Tout a commencé avec les femmes. Aux Pays-Bas, le modèle traditionnel, comme dans de nombreuses autres cultures, était l'homme en tant que partisan de la famille jusqu'à ce que les femmes commencent à rejoindre le marché du travail en partie des postes de 1980, 1990 et 2000, ce qui a donné naissance à ce que beaucoup ont appelé le modèle de « salaire et demi ».
Le système fiscal encourage le temps en famille. Dans le même temps, tandis que les femmes ont rejoint le marché du travail, le système budgétaire et les avantages sociaux ont encouragé cette modalité. Au fil du temps, le travail de temps est également devenu plus populaire parmi les hommes, surtout lorsqu'ils ont de jeunes enfants.
Une culture qui n'apprécie pas le présence, au contraire. Dans la mentalité du pays, les Néerlandais se vantent de « savoir comment tirer le meilleur parti de chaque jour ouvrable, ce qui signifie qu'ils fonctionnent intelligemment, ne durent pas » et cela se traduit également par le fait qu'il n'est pas valorisé que les gens passent des heures et des heures dans leur bureau.

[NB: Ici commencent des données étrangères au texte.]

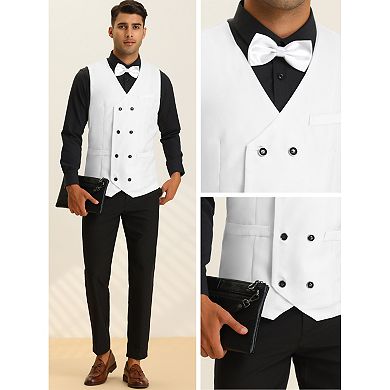 Men's Suit Vest Double Breasted V-Neck Slim Fit Formal Wedding Dress Waistcoat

Respect de la conciliation. Comme ils l'expliquent des sources officielles, la plupart des Néerlandais aiment séparer leur vie professionnelle de leur vie personnelle. Passer du temps à la maison ou avec des proches et des amis est sacré. Cela signifie qu'ils laissent presque toujours du travail à temps. Si la journée se termine une heure, la plus courante est d'y aller à ce moment-là exactement et « personne ne vous jugera » pour cela. De plus, ils préviennent: « Vous ne vous attendez pas à ce que quiconque répond aux appels ou aux e-mails liés au travail en dehors du calendrier de bureau. C'est le bureau. »
Secteurs avec peu de professionnels. Un autre facteur clé est qu'il existe des secteurs qui souffrent de pénuries de travail, en particulier dans des domaines tels que l'enseignement. Cela peut générer un cercle vicieux: la pénurie de personnel rend le calendrier scolaire plus petit ou moins d'options pour l'étendre, ce qui rend les parents difficiles à s'engager à travailler plus longtemps, même s'ils le souhaitent.